DATASET RECORDS ->
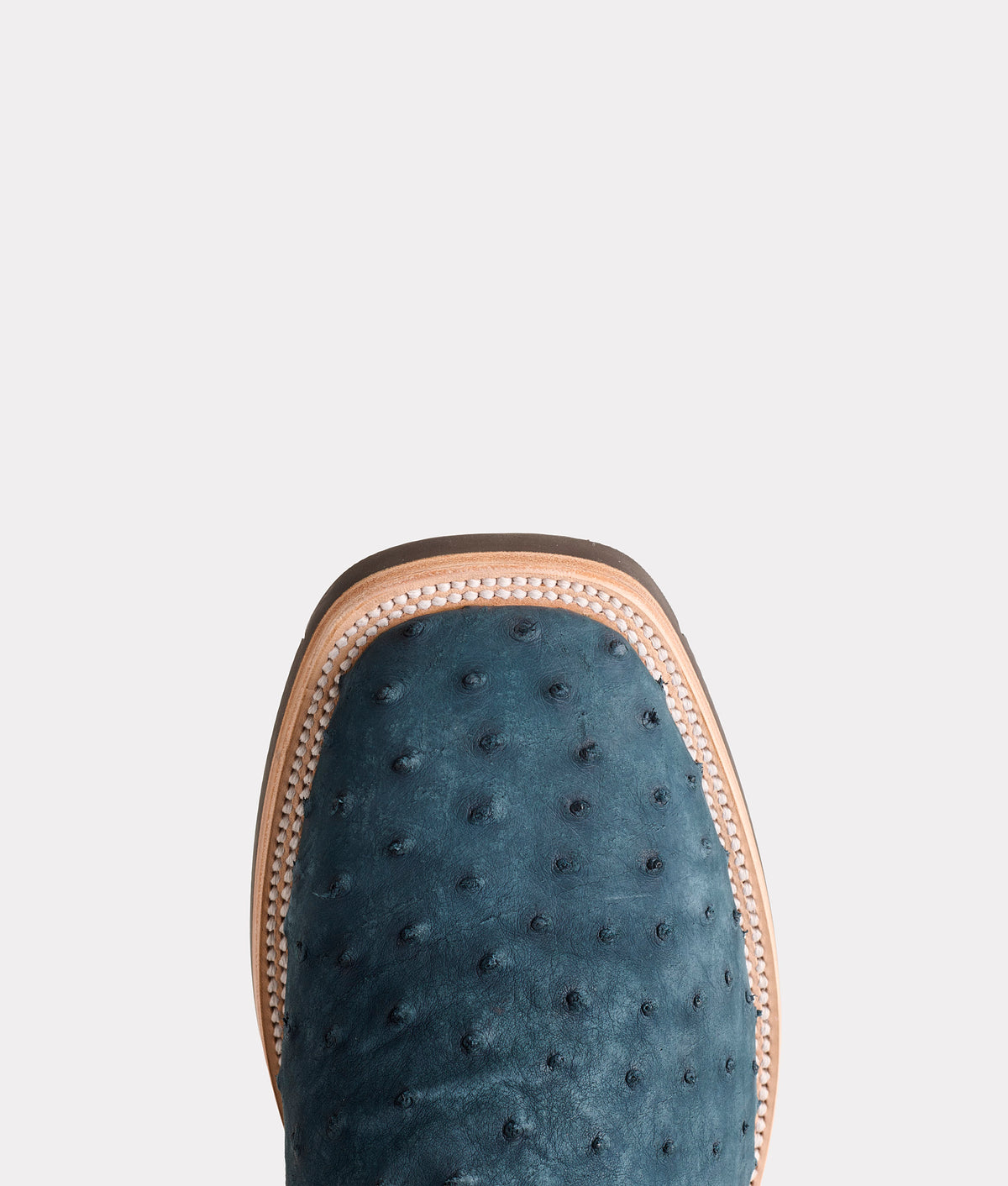 Rowdy Ostrich :: Navy 6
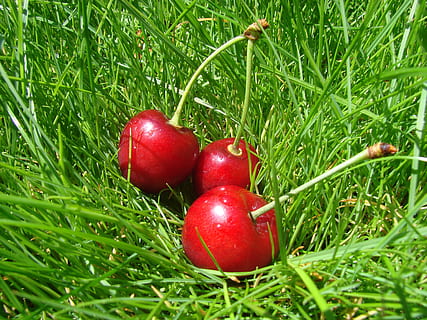 körsbär, i gräset, röd, gräs, växt, grön färg, natur, mat och dryck, frukt, mat, friskhet, tillväxt, äta nyttigt, inget folk, fält, landa, dag, närbild, utomhus, selektiv fokusering, välbefinnande, skönhet i naturen, mogen, 2K, CC0, offentligt domän, royaltyfria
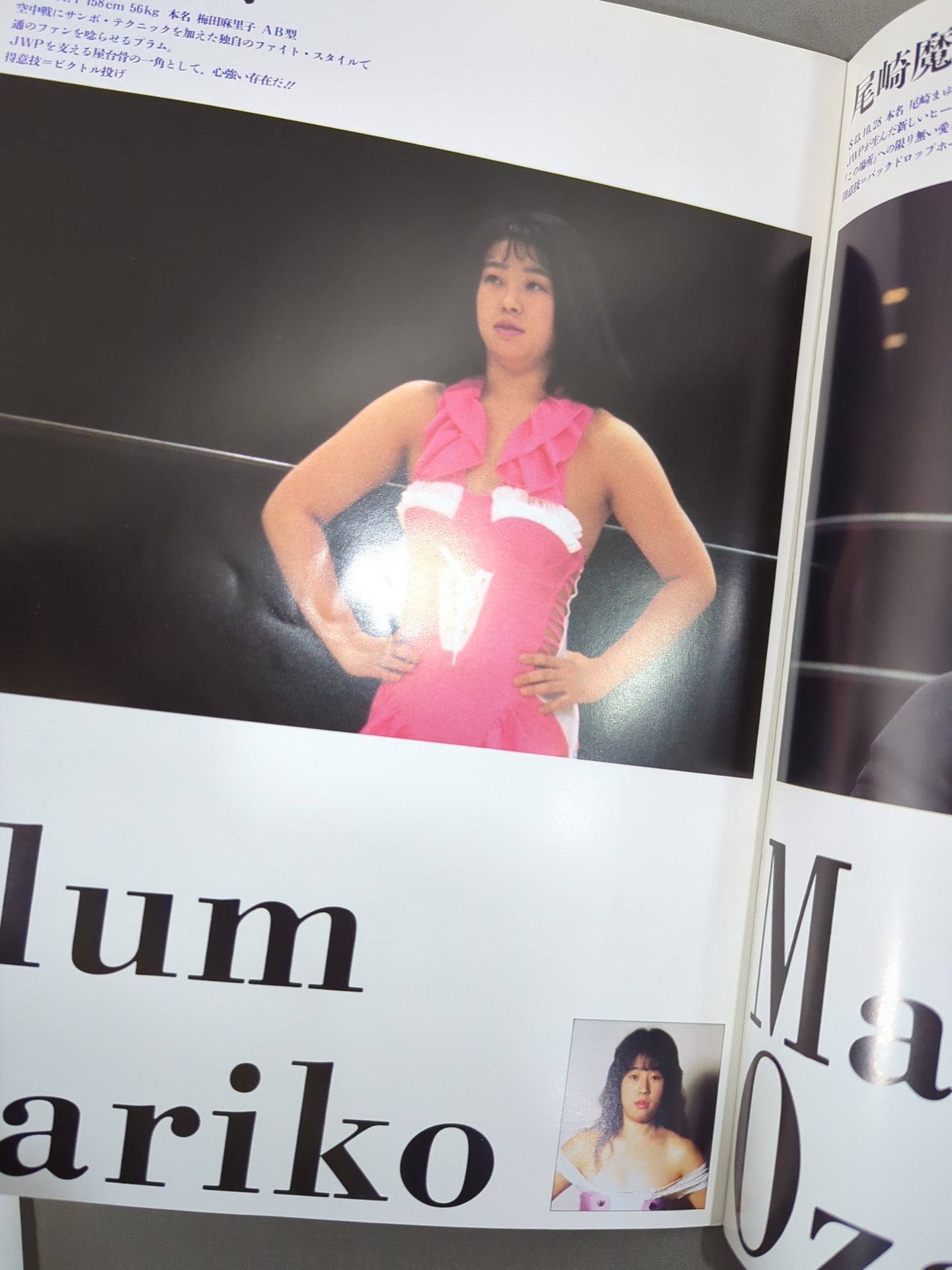 ★旗揚げ戦★ JWP OFFICIAL PAMPHLET Vol.1 / THE PURE HEART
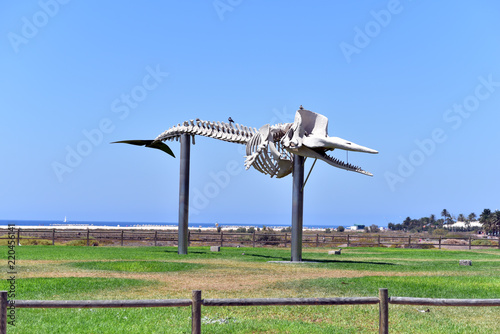 Skeleton of a sperm whale, Morro Jable, Fuerteventura, Canary Islands, Spain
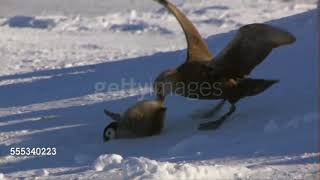 Giant Petrels hunting their favourite food emperor penguin chicks [upl. by Aihsyt]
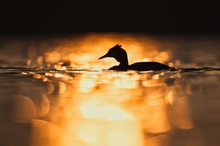 Haubentaucher vor aufgehender Sonne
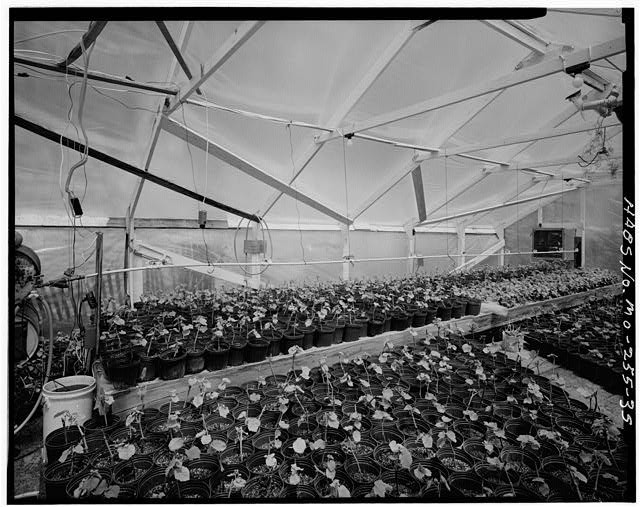 Photo:Hermann Missouri Stone Hill Winery Grape Seeding Greenhouse 1983
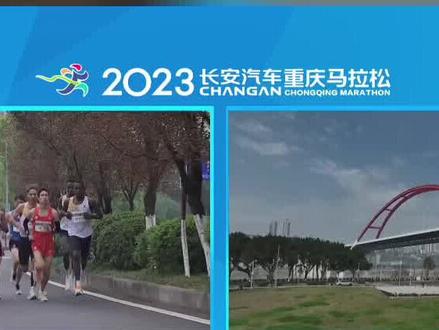 跑马看桥都,#2023重庆马拉松 正在直播#重庆dou知道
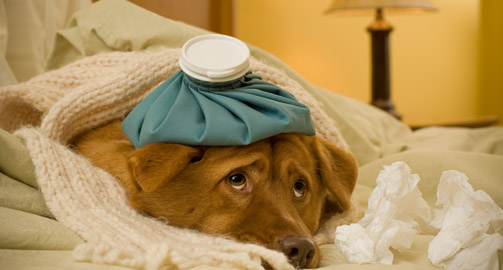 как сделать грелку как сделать грелку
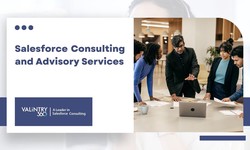 Salesforce Advisory Services - VALiNTRY360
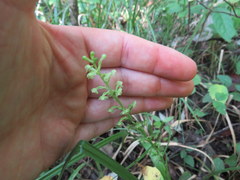 Platanthera flava flava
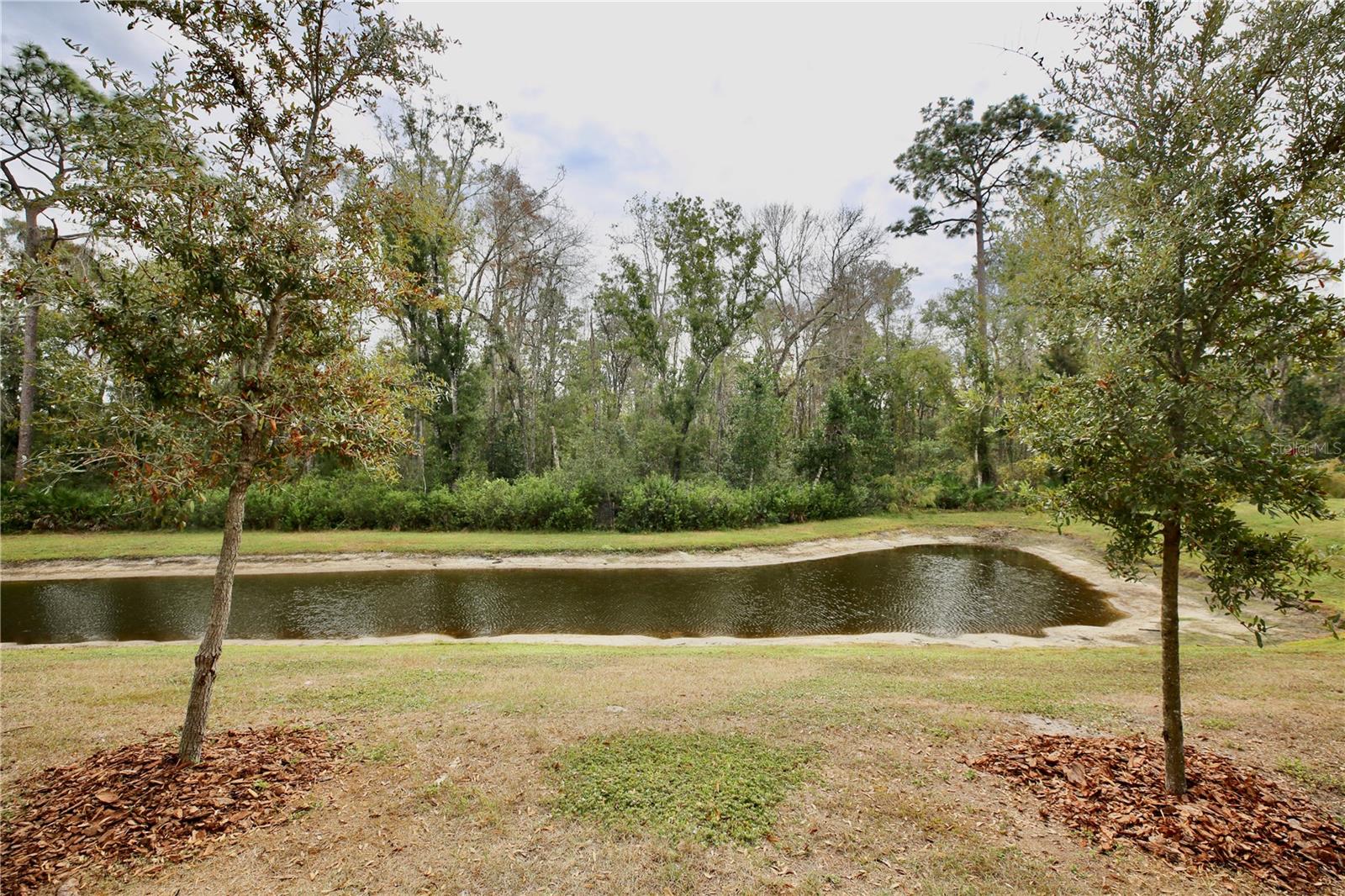 17620 Nectar Flume Dr Property Photo 33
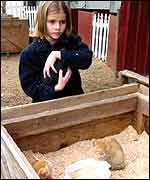 Molly Bundy, 9, cuddles a kitten at the Krause farm petting zoo 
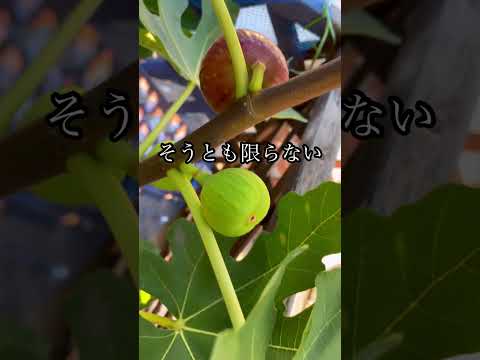 園芸 イチジクのリラ、リライチジク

EXERCISE BRIEF -> Omit the pictures and write out exactly the lines from the one containing "Platanthera flava flava" through the last line of the material.

EXERCISE OUTPUT ->
 Platanthera flava flava
 17620 Nectar Flume Dr Property Photo 33
 Molly Bundy, 9, cuddles a kitten at the Krause farm petting zoo 
 園芸 イチジクのリラ、リライチジク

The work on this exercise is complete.